You can find the dissent at this link.

It begins with a remarkable attack on Judge Brown (a Trump appointee) explaining that Smith was not responsible for any delay in issuing the decision:

In my 37 years on the federal bench, this is the most outrageous conduct by a judge that I have ever encountered in a case in which I have been involved.
In summary, Judge Brown has issued a 160-page opinion without giving me any reasonable opportunity to respond. I will set forth the details. The readers can judge for themselves.

And then turning to the merits:

The main winners from Judge Brown’s opinion are George Soros and Gavin Newsom. The obvious losers are the People of Texas and the Rule of Law. I dissent.

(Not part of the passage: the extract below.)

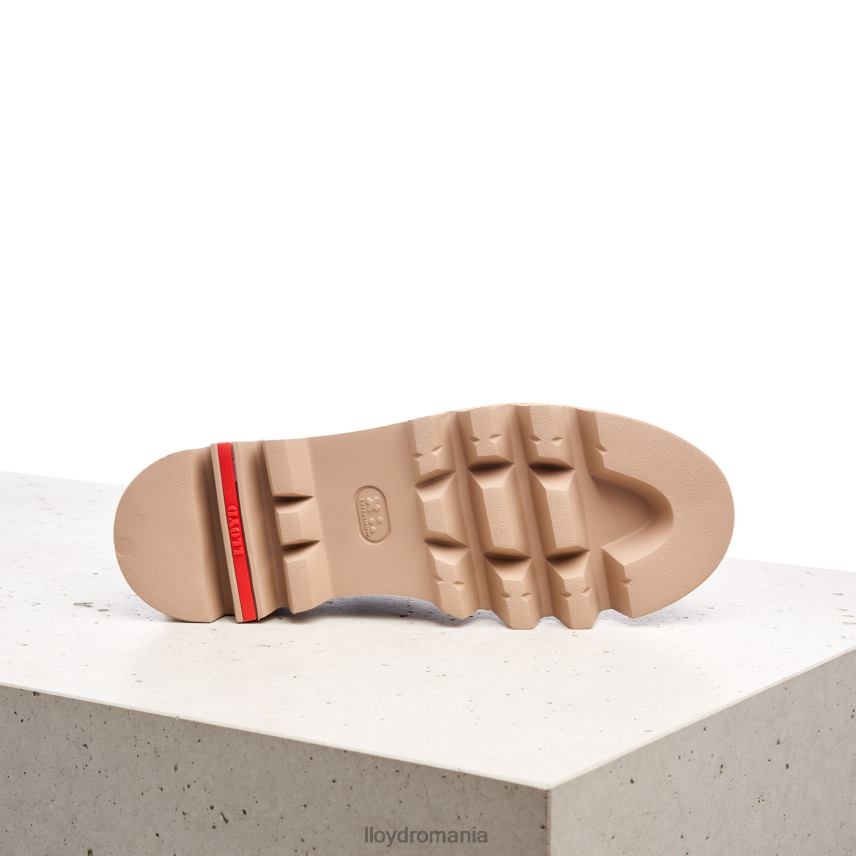 pantofi LLOYD papuc cu siret maro femei 682601038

In the interest of time, this dissent is, admittedly, disjointed. Usually, in dissenting from an opinion of this length, I would spend more days refining and reorganizing the dissent for purposes of impact and readability. But that approach is not reasonably possible here because these two judges have not allowed it.


The resulting dissent is far from a literary masterpiece. If, however, there were a Nobel Prize for Fiction, Judge Brown’s opinion would be a prime candidate.

I have now had a chance to skim both the majority opinion and the dissent in this case. I don’t feel like I’m already steeped enough in the details to make a confident prediction about who is right on the merits of whether race predominated in drawing these maps.

But I do want to comment on the risky strategy of Judge Smith’s dissent. On the one hand, if the facts are as Judge Smith describes them, then there’s a good case to be made that Judge Brown did not afford Judge Smith a fair opportunity to write a dissent in time that would be responsive to the specific claims of the majority. (Judge Brown saw the press of time because of the Purcell principle—at some point it will be too late to interfere with the adoption of maps.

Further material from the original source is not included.